> _Your goal_: Repeat the listing below line by line, exactly, leaving its pictures behind.

> _Provided material_:
----
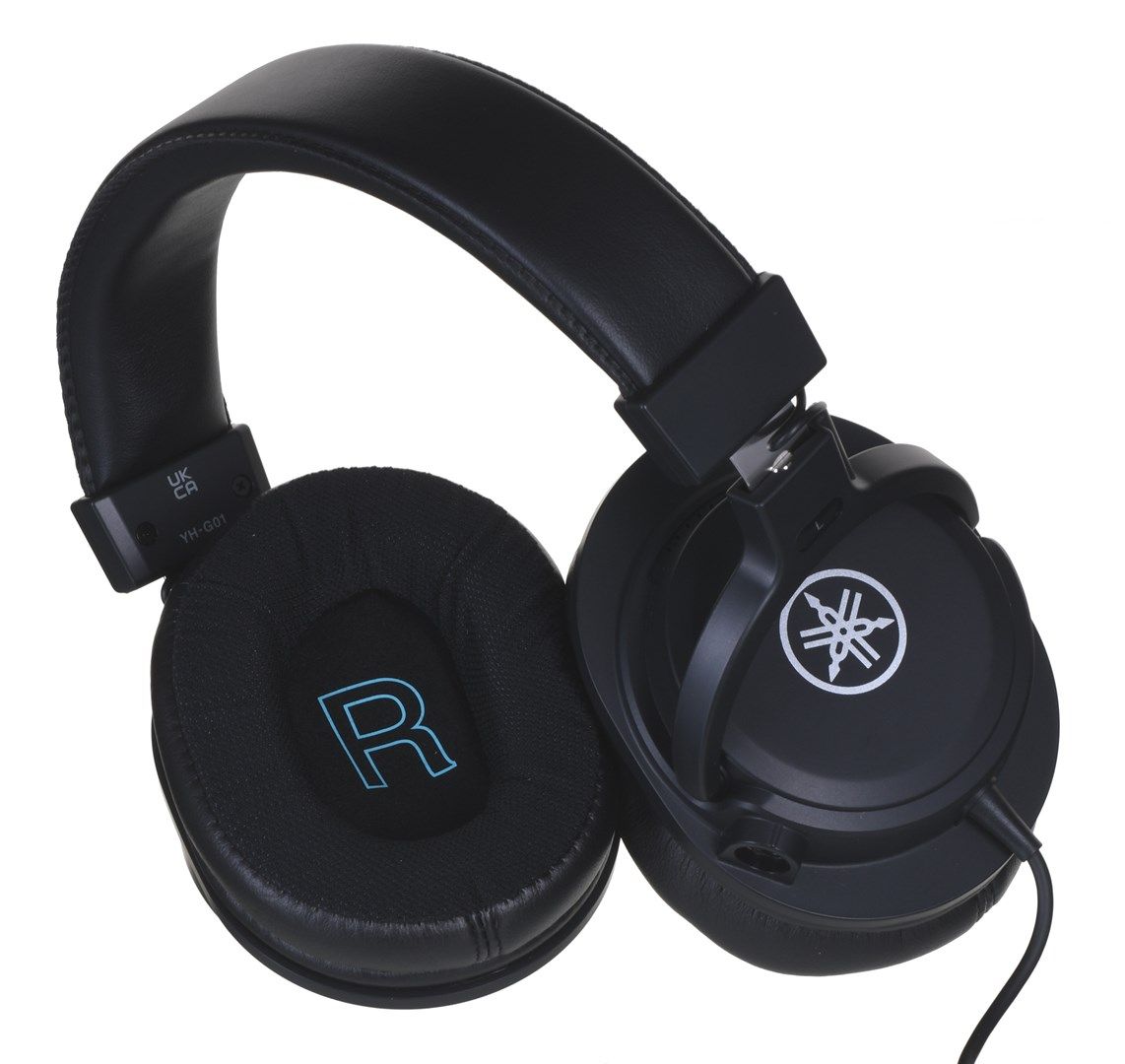 Yamaha ZG01 Pack 2 channels Black_5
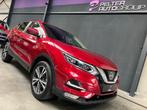 Nissan Qashqai 1.2 DIG-T Automaat GPS Camera!, Autos, Achat, Entreprise, Noir, 5 portes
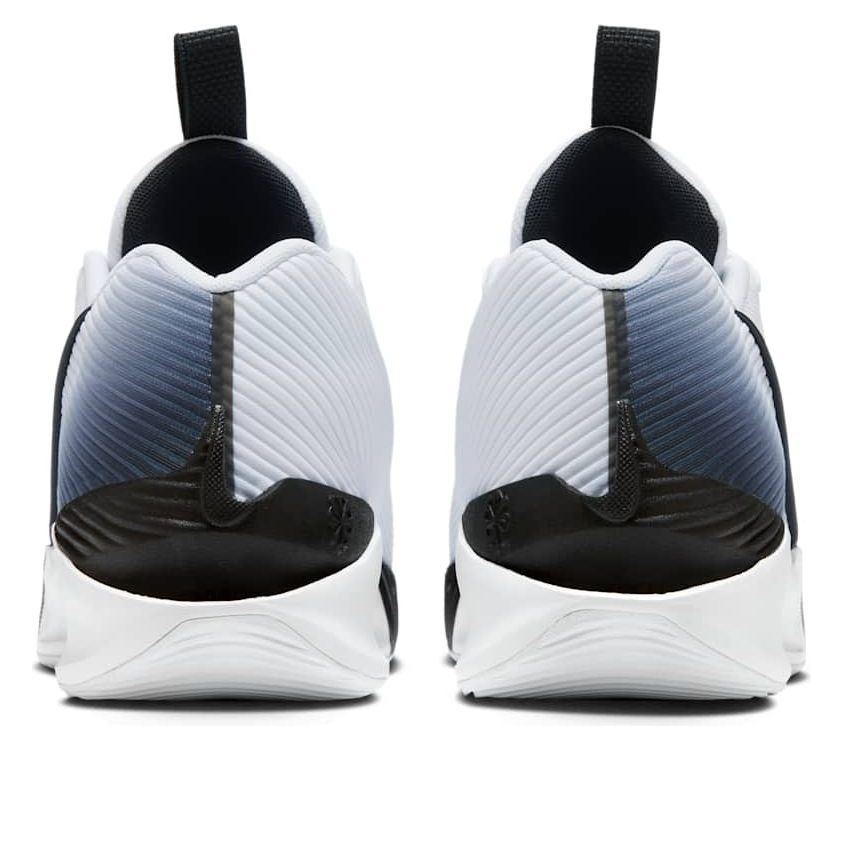 Nike Air Zoom GT Jump Academy EP 'White Black Silver' HF1804-100 - 5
----
> _Expected output_:
 Yamaha ZG01 Pack 2 channels Black_5
 Nissan Qashqai 1.2 DIG-T Automaat GPS Camera!, Autos, Achat, Entreprise, Noir, 5 portes
 Nike Air Zoom GT Jump Academy EP 'White Black Silver' HF1804-100 - 5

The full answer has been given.